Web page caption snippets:
========
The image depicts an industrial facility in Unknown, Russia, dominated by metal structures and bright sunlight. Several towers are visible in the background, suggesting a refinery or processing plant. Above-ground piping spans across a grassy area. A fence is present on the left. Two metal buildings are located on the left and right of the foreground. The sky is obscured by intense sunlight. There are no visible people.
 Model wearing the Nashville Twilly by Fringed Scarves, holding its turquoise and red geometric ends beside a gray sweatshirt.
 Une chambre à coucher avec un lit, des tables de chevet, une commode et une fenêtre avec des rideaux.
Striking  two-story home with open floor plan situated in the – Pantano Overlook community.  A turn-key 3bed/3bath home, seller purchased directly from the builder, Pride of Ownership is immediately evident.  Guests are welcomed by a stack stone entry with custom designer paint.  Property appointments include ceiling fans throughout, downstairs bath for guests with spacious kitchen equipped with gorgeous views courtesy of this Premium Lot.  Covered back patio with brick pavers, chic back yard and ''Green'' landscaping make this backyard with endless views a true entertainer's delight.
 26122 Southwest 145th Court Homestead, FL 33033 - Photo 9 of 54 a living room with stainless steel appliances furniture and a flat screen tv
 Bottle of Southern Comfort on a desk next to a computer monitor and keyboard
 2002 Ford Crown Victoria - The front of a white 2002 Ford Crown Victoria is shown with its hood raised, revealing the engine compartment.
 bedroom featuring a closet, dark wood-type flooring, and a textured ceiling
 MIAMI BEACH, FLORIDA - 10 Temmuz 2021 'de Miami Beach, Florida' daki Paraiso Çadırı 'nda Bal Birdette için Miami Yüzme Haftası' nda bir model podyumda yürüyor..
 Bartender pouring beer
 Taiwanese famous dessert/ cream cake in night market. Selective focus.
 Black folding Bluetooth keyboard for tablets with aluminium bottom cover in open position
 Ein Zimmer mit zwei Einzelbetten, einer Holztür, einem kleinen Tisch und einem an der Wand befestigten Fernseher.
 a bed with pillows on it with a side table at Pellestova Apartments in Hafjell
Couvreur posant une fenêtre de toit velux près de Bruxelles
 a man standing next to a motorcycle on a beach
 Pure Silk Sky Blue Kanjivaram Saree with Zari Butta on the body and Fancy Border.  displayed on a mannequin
========
Your task is to copy exactly, and only, the lines from the line with "Couvreur posant une" through the last line of the entries, both included.

Couvreur posant une fenêtre de toit velux près de Bruxelles
 a man standing next to a motorcycle on a beach
 Pure Silk Sky Blue Kanjivaram Saree with Zari Butta on the body and Fancy Border.  displayed on a mannequin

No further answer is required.